One of the biggest concerns expressed by parents about their LGBTQ kiddos is safety. Threats, slurs, and pressure to hide themselves are very real risks for queer people walking through the world. Considering the influence of early support, parents and family members play a major role in developing resilience.

Here’s the thing – LGBTQ youth are typically not struggling with their identities. They might be exploring or trying to put words to an extremely complex experience, but this isn’t necessarily the same as ‘struggling’ with an identity.

The internal conflict is more often due to a child trying to reconcile their sense of self with everything the world has told them it means to be queer. Or trans. Or bisexual.

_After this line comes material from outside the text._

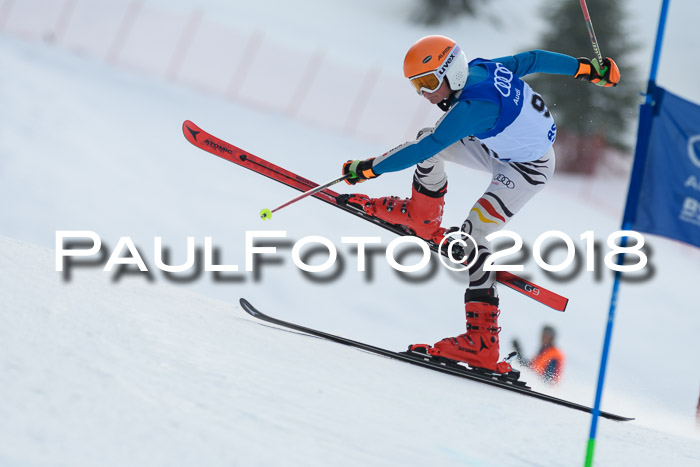 Bayerische Schülermeisterschaft Alpin Riesenslalom 27.01.2018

Or whichever gender identity, attraction, etc. belonging to that child.

Parents who reject a child’s emerging orientation or gender identity may feel that they are somehow preventing future difficulties and a higher risk of negative outcomes. Quite the opposite, they are becoming that child’s first bully.

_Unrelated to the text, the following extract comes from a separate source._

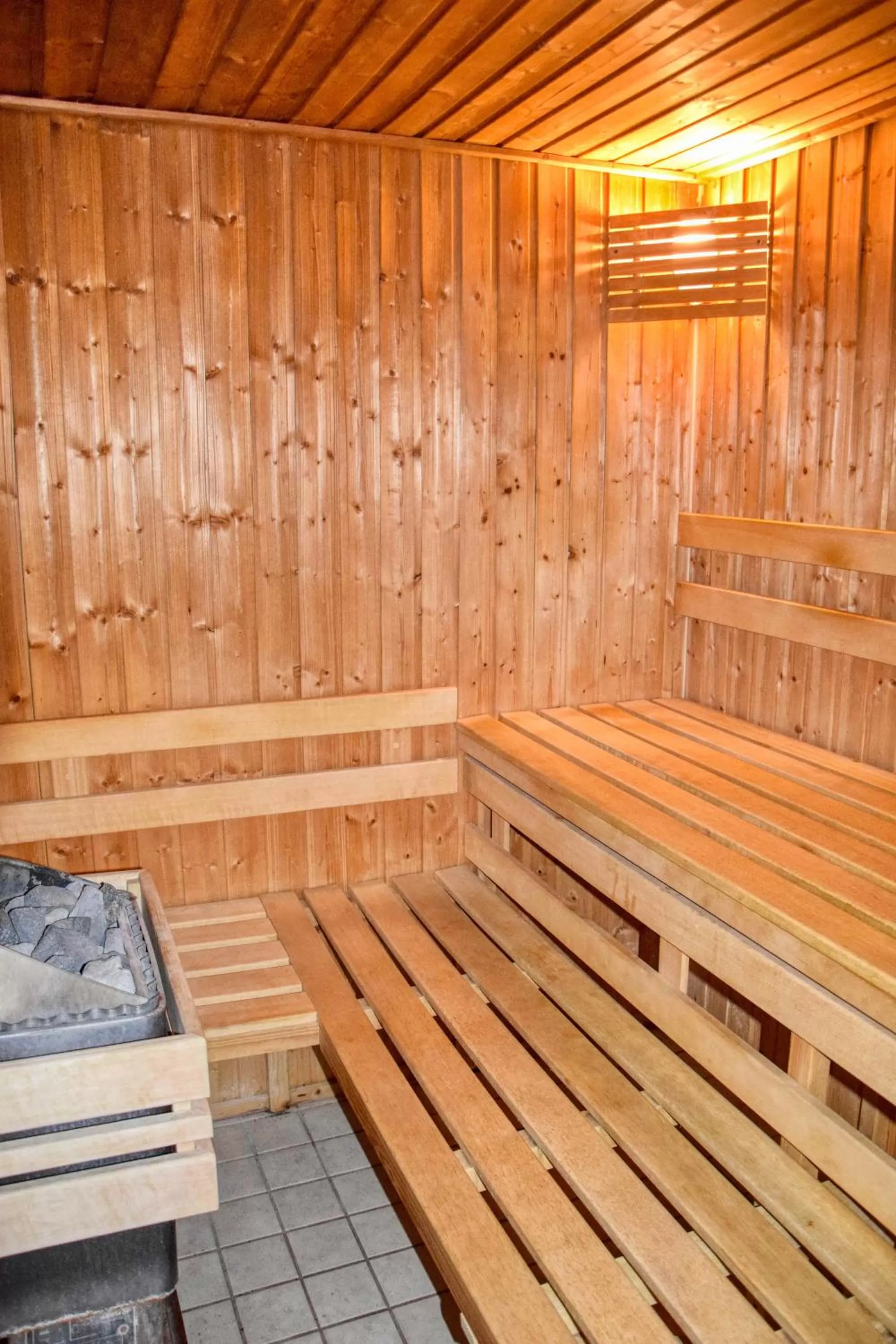 Sauna in Hotel Penta Lux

Humans are wired to develop and maintain secure connections with their primary caregivers. It’s a survival thing – tiny humans need older humans to protect, guide, and provide. If you react negatively to a child’s expression, that child has a huge investment in keeping things stable. Even if that means altering, or fracturing, their innate sense of self.

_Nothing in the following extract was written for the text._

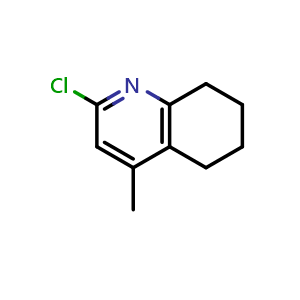 2-chloro-4-methyl-5,6,7,8-tetrahydroquinoline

One of the more difficult things for people to understand about supporting queer kids is that parental redirection, however well-intended, is extremely damaging. This is true for everything from telling your son to put away his pink shoes before Grandma comes over, to excluding your non-binary child from family photos if they don’t wear a dress.

Whether it comes from parents, family members, or others with whom the child has a close relationship, re-direction sends a message to the child that they are inherently wrong (or evil, or broken). It’s devastating and can manifest later in the child’s life through suicidal ideation, self-harm, or other negative outcomes.

Walking through the world as a queer kid means listening to the public debate over your basic human rights. Can you get married? Can you adopt? Can you expect reasonable privacy when using public facilities? Can you travel safely? What happens if you get pulled over and the officer doesn’t recognize an “X” gender indicator on your driver’s license?

Support in their immediate environment is one of the most influential factors on a child’s capacity for resiliency. This includes not only the home and family, but also peers, school systems, and larger community. Kids need enthusiastic affirmation and validation. More importantly, they need to be seen and valued as themselves. This is especially relevant for queer kids because of the profound degree of negative responses they will encounter.

This binary perspective of ‘gender assigned at birth’ is so deeply ingrained, people respond with violence.

Last month, adults in Oklahoma posted threats on social media against a 12-year-old student because she wanted to use the bathroom. Some of these posts incited other children to attack this one until she stopped attending school.

Think about that for a minute. These same parents who claim to be afraid for their child’s safety in bathrooms are actively encouraging violence against someone else’s child. Because she’s “different”. Every day, transgender people are at significantly higher risk of being victimized in the same culture that promotes them as a threat to other people’s safety.

So, keeping your queer kiddo safe starts with supporting them at home. Model behaviors that demonstrate inclusion even before your child comes out. Other kids, and their parents, are watching.